Jitsugyō no Nihon
- Editor: Masuda Yoshikazu
- Categories: Business magazine
- Frequency: Fortnightly; Monthly;
- Publisher: Dainihon Jitsugyo Gakkai; Jitsugyō no Nihon Sha, Ltd (From 1900);
- Founded: 1897
- First issue: 10 June 1897
- Final issue: March 2002
- Country: Japan
- Based in: Tokyo
- Language: Japanese

= Jitsugyō no Nihon =

Business magazine in Japan (1897–2002)

Jitsugyō no Nihon (実業の日本) was one of the first business magazines of Japan. The magazine was published monthly and was based in Tokyo. It was in circulation between June 1897 and March 2002.

==History and profile==
Jitsugyō no Nihon was started in 1897. The first issue appeared on 10 June 1897. The founding publisher was Dainihon Jitsugyo Gakkai. Later it was published by a company with the same name, Jitsugyō no Nihon Sha, Ltd., which was founded by Masuda Yoshikazu in 1900. Masuda Yoshikazu was the founding editor, and Shibusawa Eiichi was among the regular contributors. The magazine was published on a fortnightly basis and later on a monthly basis The headquarters was in Tokyo.

Jitsugyō no Nihon covered articles about economy, finance and current affairs.
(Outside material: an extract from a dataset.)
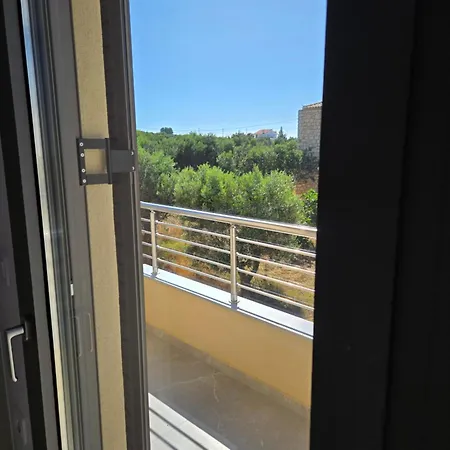 Village Boutique Residences Lejlighed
It also offered information about business targeting people with no formal education on the subject. The magazine was one of the supporters of Japan's participating in World War II. Following the war it changed its focus becoming a trade magazine with a special reference to the stock market. Jitsugyō no Nihon ceased publication in 2002, and the final issue appeared in March 2002.